_Task instructions_: Pictures stay out; please output the remaining data exactly.

_Raw data_:
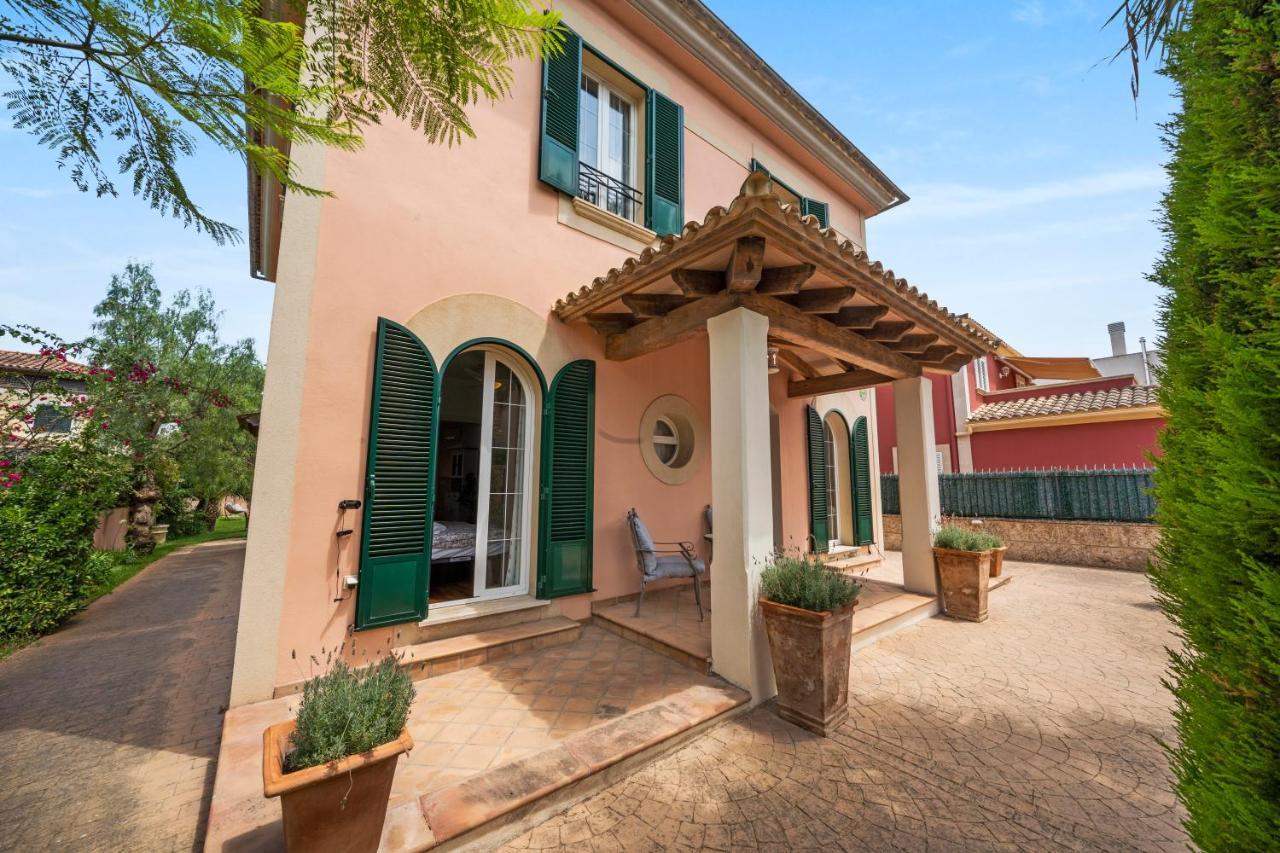 Villa Playa Felostal Palma de Mallorca Exterior photo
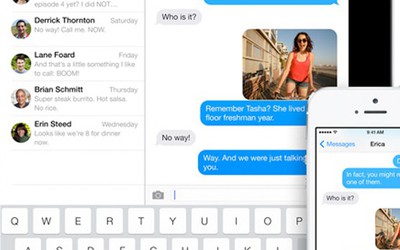 Khắc phục lỗi không thể gửi tin nhắn trên ứng dụng iMessage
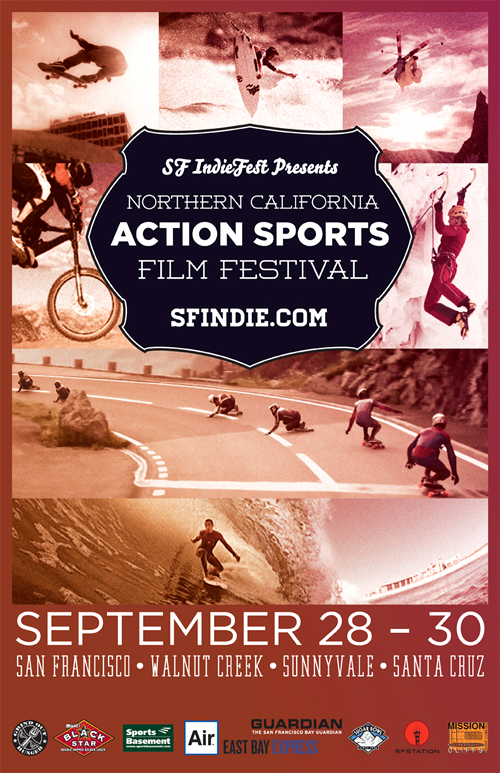 Northern California Action/Sports Film Festival San Francisco, CA at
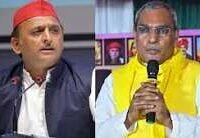 आजम खान से अखिलेश की मुलाकात पर सियासी घमासान, ओम प्रकाश राजभर बोले- मुस्लिम वोट के लिए हो रही राजनीति!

_Your solution_:
 Villa Playa Felostal Palma de Mallorca Exterior photo
 Khắc phục lỗi không thể gửi tin nhắn trên ứng dụng iMessage
 Northern California Action/Sports Film Festival San Francisco, CA at
 आजम खान से अखिलेश की मुलाकात पर सियासी घमासान, ओम प्रकाश राजभर बोले- मुस्लिम वोट के लिए हो रही राजनीति!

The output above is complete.